Not only does the mind refine its concepts and arrive at more abstract formulations; the mind also introduces wholly new concepts in order to attempt to understand new or hitherto unknown phenomena. In this context, what this means is that we are always introducing new “folk” concepts as our experience expands and diversifies, so that there is not a one-time transition from unscientific folk concepts to scientific concepts, but a continual and ongoing evolution of scientific thought in which folk concepts are introduced, their want of rigor is felt, and more refined and scientific concepts are eventually introduced to address the problem of the folk concepts. But this process can result in the formulation of entirely new sciences, and we must then in turn hazard new “folk” concepts in the attempt to get a handle on this new discipline, however inadequate our first attempts may be to understand some unfamiliar body of knowledge.

For example, before the work of Georg Cantor and Richard Dedekind there was no science of set theory.

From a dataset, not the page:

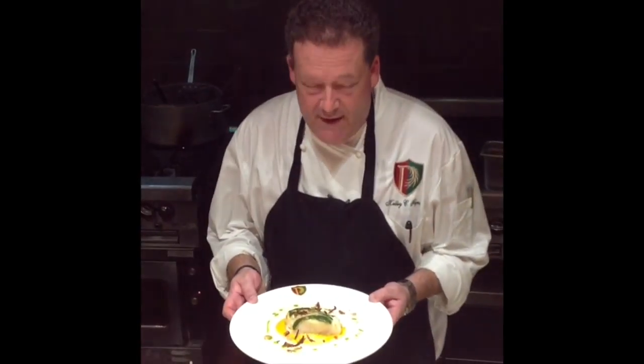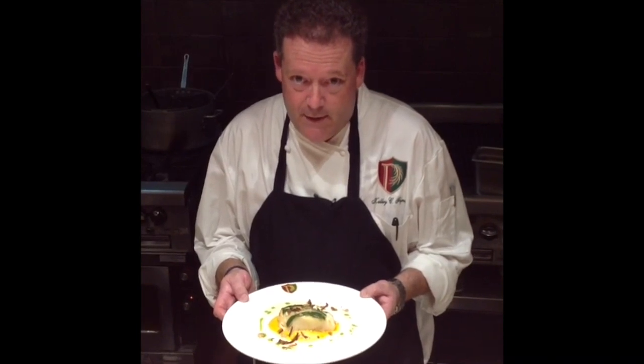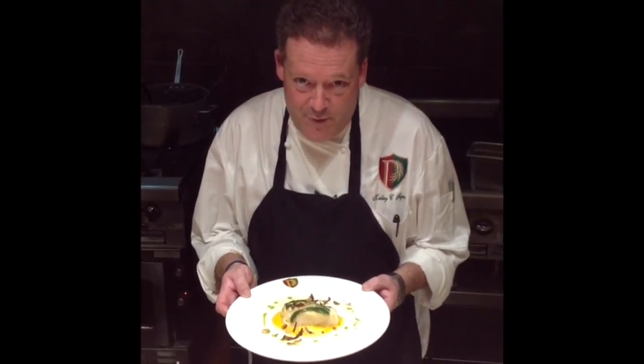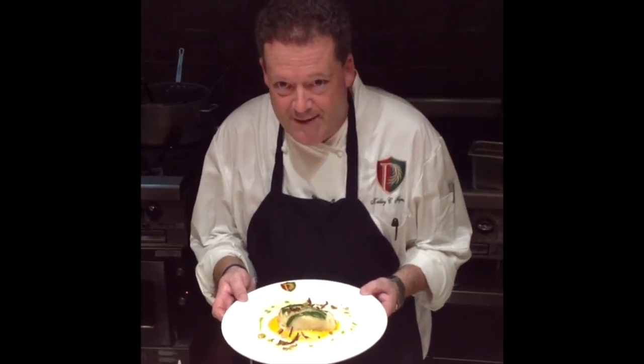We present our seared sea bass with zucchini crust, served over butternut squash puree, with a crumble of smoked almond, corn nuts, and Parma prosciutto, Meyer lemon beurre blanc, and herb oil. I want to thank you from Parkland Golf and Country Club and our signature restaurant, 91. Have a great day.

In formulating set theory, 19th century mathematicians had to introduce a great many novel concepts (set, element, mapping) and mathematical procedures (one-to-one correspondence, diagonalization). These early concepts of set theory are now called “naïve set theory,” which have largely been replaced by (several distinct) axiomatizations of set theory, which have either formalized or eliminated the concepts of naïve set theory, which we might also call “folk” set theory. Nevertheless, many “folk” concepts of set theory persist, and Gödel spent much of his later career attempting to produce better formalizations of the concepts of set theory than those employed in now accepted axiomatizations of set theory.

As civilization has changed, and indeed as civilization emerged, we have had occasion to introduce new terms and concepts in order to describe and explain newly emergent forms of life. The domestication of plants and animals necessitated the introduction of concepts of plant and animal husbandry. The industrial revolution and the macroeconomic forces it loosed upon the world necessitated the introduction of terms and concepts of industry and economics. In each case, non-scientific folk concepts preceded the introduction of scientific concepts explained within a comprehensive theoretical framework. In many cases, our theoretical framework is not yet fully formulated and we are still in a stage of conceptual development that involves the overlapping of folk and scientific concepts.

Given the idea of folk concepts and their replacement by scientific concepts, a mature science could be defined as a science in which all folk concepts have been either formalized, transcended, or eliminated. The infinitistic nature of science mystery (which is discussed in Scientific Curiosity and Existential Need), however, suggests that there will always be sciences in an early and therefore immature stage of development. Our knowledge of the scientific method and the development of science means that we can anticipate scientific developments and understand when our intuitions are inadequate and therefore, in a sense, folk concepts. We have an advantage over the unscientific past that knew nothing of the coming scientific revolution and how it would transform knowledge. But we cannot entirely eliminate folk concepts from the early stages of scientific development, and in so far as our scientific civilization results in continuous scientific development, we will always have sciences in the early stages of development.

Scientific progress, then, does not eliminate folk concepts, but generates new and ever more folk concepts even as it eliminates old and outdated folk concepts.